# WHAT YOU SHOULD DO:
Only those lines in the data below from the line containing "We will go back" through the line containing "That pretty much", both included, should be restated word for word.
------ TASK INPUTS ------
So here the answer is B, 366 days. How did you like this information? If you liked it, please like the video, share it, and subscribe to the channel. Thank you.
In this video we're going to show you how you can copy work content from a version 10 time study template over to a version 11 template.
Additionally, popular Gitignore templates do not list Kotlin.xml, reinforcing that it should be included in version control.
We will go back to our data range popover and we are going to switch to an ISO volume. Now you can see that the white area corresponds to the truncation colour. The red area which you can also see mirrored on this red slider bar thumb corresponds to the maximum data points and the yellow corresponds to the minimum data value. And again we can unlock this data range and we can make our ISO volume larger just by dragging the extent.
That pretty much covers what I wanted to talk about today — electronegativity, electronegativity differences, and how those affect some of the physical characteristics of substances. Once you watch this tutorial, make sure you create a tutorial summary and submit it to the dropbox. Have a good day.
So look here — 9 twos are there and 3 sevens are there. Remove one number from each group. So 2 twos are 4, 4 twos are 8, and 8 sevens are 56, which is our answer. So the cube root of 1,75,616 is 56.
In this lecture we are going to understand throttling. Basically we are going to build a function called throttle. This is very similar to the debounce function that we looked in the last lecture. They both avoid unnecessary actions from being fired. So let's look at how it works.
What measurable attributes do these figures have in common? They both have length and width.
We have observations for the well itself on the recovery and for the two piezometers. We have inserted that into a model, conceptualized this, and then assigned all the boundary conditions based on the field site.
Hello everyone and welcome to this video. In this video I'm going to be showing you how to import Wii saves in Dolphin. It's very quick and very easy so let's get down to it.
------
# RESULT OF THIS TASK:
We will go back to our data range popover and we are going to switch to an ISO volume. Now you can see that the white area corresponds to the truncation colour. The red area which you can also see mirrored on this red slider bar thumb corresponds to the maximum data points and the yellow corresponds to the minimum data value. And again we can unlock this data range and we can make our ISO volume larger just by dragging the extent.
That pretty much covers what I wanted to talk about today — electronegativity, electronegativity differences, and how those affect some of the physical characteristics of substances. Once you watch this tutorial, make sure you create a tutorial summary and submit it to the dropbox. Have a good day.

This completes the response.